A man with no legs stood before the church and sang that he would rather have Jesus than silver or gold. The song came out off-key, but it came from somewhere true. Smith said he broke down under the weight of it. Others did too, and the altar filled.
After the service, he told Eddie how much the song meant. Eddie replied with the line that explained everything.
"I've been singing it all week long."
That was the point of the whole episode. The power was not in polished delivery alone. The power was in a heart that had prepared an offering. Smith even said that if a singer like Pavarotti had practiced "How Great Thou Art" all week and brought his best to that same room, God could have used that too. The issue was never style. It was the offering.
They closed with humor again, including a joke about Allan Pavarotti Smith. Yet the real ending was more serious than funny. Bring God your best.
Frequently Asked Questions
What are the signs that a church has become disrespectful?
A disrespectful church often shows signs of spiritual casualness where reverence for holy things has faded. This manifests when the congregation treats worship as a secondary priority, gossip or triangulation become common patterns, and there is a noticeable lack of awe regarding the presence of God.
Why does the article focus on the book of Malachi?
The book of Malachi serves as a powerful mirror for modern congregations because it depicts a people who were technically participating in religious activities but had grown blind to their own lukewarm hearts. It illustrates the danger of offering God "blemished sacrifices"—giving Him the scraps of our lives rather than our best.
Does expecting excellence in church promote performance culture?
No, the article distinguishes between performance and a sincere offering. Excellence is presented as a heart issue where a believer uses the abilities God gave them with preparation and intentionality, rather than assuming that poor effort is synonymous with spiritual humility.
How can a church shift back from 'leftovers' to 'first fruits'?
This change starts with personal intentionality, such as arriving at services rested and prepared rather than exhausted and distracted. It involves prioritizing the assembly of the church, recognizing that giving our best to God is an act of worship that honors Him above all other demands on our time.
Where the question lands
A disrespectful church does not start with open rebellion. It starts with the slow, quiet erosion of reverence. It begins when the fear of God fades, when first fruits become leftovers, and when the local assembly becomes an afterthought rather than a priority.

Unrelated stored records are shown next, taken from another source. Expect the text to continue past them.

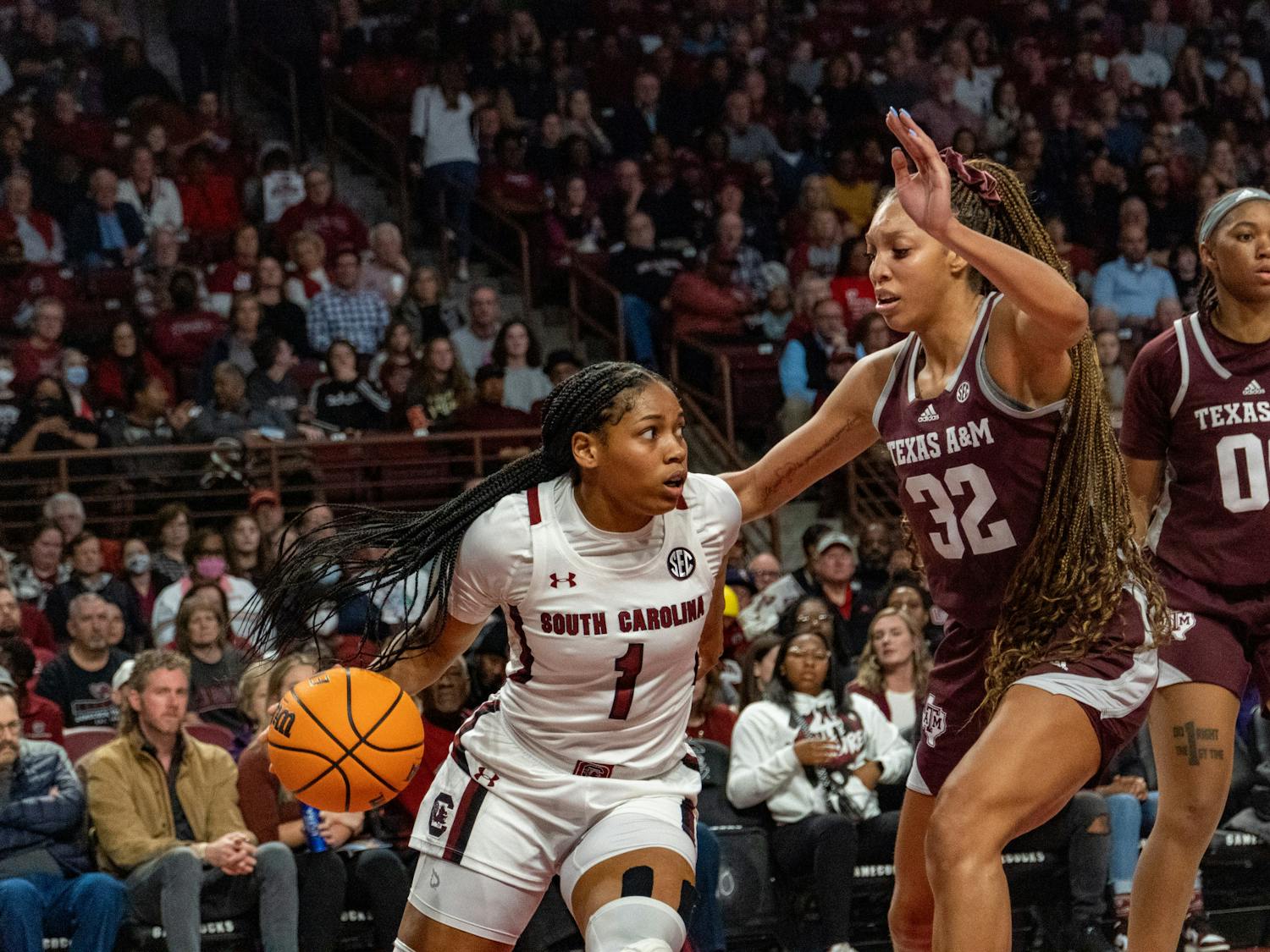 Senior guard Zia Cooke moves around her opponent during a lay-up attempt in a game against Texas A&amp;M at Colonial Life Arena on Dec. 29. 2022. South Carolina defeated Texas 76-34 in its SEC-opener.&nbsp;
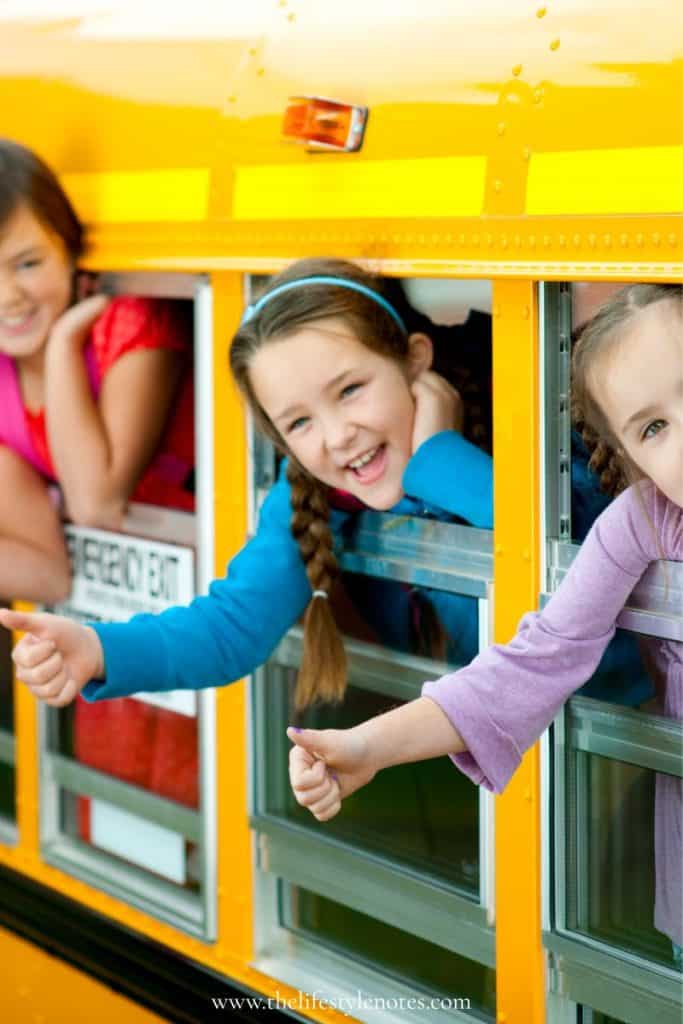 Back to School Essentials for Kids. Kids waving out of school bus windows.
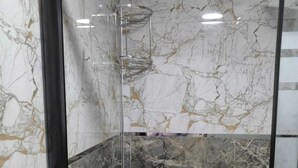 A bathroom with marble walls and a glass shower enclosure.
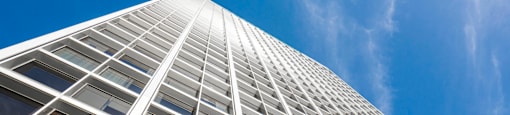 A tall building with a blue sky in the background.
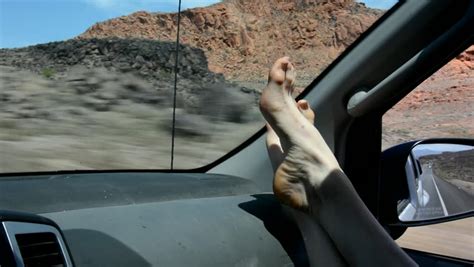 Woman Feet Barefoot On Car Dashboard Driving On A Highway In Spain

This shift is often exacerbated by bad church leadership, where toxic behavior is ignored rather than addressed, causing a ripple effect throughout the entire church family.
Ultimately, the question of honor is a question of the heart. Healing from church hurt starts when we recognize that excellence is not about performance, but about our posture before God. Healthy church leadership cultivates a non-anxious presence, creating a space where people feel safe and valued. Whether in worship, service, or daily life, the call remains the same: stop offering God the scraps of your time and attention, and bring Him your very best. By choosing to honor God above all else, we can begin the work of restoration and build communities that truly reflect His character.